Web page caption snippets
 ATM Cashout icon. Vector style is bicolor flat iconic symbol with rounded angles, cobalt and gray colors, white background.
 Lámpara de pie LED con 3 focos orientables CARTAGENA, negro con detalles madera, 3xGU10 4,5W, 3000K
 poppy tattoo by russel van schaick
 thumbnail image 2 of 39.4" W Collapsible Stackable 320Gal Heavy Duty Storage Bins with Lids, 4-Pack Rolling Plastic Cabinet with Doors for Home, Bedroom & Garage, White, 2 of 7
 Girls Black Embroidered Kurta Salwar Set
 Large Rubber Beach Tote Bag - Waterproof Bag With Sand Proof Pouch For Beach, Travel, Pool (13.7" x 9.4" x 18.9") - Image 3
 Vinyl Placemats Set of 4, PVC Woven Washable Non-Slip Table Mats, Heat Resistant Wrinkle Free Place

→ **Task details**
In the data above, find the line containing "poppy tattoo by russel van schaick", then copy it and every later line exactly.

→ **Solution below**
 poppy tattoo by russel van schaick
 thumbnail image 2 of 39.4" W Collapsible Stackable 320Gal Heavy Duty Storage Bins with Lids, 4-Pack Rolling Plastic Cabinet with Doors for Home, Bedroom & Garage, White, 2 of 7
 Girls Black Embroidered Kurta Salwar Set
 Large Rubber Beach Tote Bag - Waterproof Bag With Sand Proof Pouch For Beach, Travel, Pool (13.7" x 9.4" x 18.9") - Image 3
 Vinyl Placemats Set of 4, PVC Woven Washable Non-Slip Table Mats, Heat Resistant Wrinkle Free Place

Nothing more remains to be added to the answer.